ABD Dışişleri Bakanı Blinken’ın Asya-Avrupa ziyaretleri NATO, AB zirvesi derken Washington yönetimi “sahalara dönüş” stratejisinin bir gereği olan müttefiklerle ilişkileri onarma, Çin ve Rusya’ya karşı konumlandırma işini görüntüde de olsa önemli ölçüde becerdi. Bu doğrultuda Rusya ile ilgili Kuzey Akımı-2, Kırım, Donbas, Suriye gibi başlıklar ısıtılırken Çin’le ilgili ilk elden Uygur meselesi etrafında şimdiye kadar şekillenmiş duyarlılık, yaptırım vb. politikaların gündeme gelmesi için yeterliydi.

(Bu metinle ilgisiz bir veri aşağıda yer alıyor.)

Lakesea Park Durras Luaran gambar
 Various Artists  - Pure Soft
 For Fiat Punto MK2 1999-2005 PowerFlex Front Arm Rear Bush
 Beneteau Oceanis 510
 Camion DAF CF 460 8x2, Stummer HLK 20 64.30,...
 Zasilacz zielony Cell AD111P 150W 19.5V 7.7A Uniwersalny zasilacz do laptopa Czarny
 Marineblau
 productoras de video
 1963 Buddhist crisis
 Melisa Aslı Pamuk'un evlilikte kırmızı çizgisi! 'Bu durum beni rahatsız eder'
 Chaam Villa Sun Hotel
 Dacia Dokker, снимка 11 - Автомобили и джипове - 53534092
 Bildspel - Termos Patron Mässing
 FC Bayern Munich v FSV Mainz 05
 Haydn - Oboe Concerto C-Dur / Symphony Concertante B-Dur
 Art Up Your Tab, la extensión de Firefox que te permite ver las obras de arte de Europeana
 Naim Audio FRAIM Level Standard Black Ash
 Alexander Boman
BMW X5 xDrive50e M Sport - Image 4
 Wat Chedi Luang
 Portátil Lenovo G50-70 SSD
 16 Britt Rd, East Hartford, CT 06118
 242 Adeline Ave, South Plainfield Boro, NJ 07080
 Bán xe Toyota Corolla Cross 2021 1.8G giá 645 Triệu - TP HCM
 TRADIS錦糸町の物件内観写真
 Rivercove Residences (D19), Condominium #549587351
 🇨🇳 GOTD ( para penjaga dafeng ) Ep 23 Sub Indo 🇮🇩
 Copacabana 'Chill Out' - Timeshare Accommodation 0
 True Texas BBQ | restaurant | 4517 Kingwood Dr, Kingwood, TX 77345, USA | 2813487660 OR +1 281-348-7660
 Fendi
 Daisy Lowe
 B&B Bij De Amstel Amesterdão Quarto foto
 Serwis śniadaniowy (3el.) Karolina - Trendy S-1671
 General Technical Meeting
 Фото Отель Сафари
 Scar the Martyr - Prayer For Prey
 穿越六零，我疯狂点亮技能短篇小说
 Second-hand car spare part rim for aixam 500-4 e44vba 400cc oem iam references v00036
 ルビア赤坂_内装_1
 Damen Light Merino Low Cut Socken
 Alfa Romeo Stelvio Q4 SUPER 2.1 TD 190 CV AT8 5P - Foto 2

Çin de boş durmadı. Ortadoğu ülkelerini turu sırasında mesela Dışişleri Bakanı Wang Yi Türkiye ziyaretinde aşı karşılığı TC’nin Uygur meselesinde suskunluğunu en azından bir süre için garantiye aldı. Başçavuş kılıklı dışişleri bakanının Yi’ye “Ne ülkemizde ne de bölgemizde Çin’e kimse yan bakamaz…” minvalinde verdiği tekmille de bize bunu gösterdi. “Yeter ki biraz Çin’den destek gelsin” karşılığı başka neleri sattılar bilemeyiz fakat Yi sanki bu gösteriye pek inanmamıştı. Çünkü sonraki durağı Tahran’da İran yönetimiyle stratejik anlamı uzun vadede daha fazla görünür olacak bir anlaşmaya imza koyarken "İran diğer ülkelerle ilişkilerine bağımsız olarak karar veriyor. Konumunu tek bir telefonla değiştiren ülkeler gibi değil” diyerek sanki Ankara’da geride bıraktığı zevatı anıyordu.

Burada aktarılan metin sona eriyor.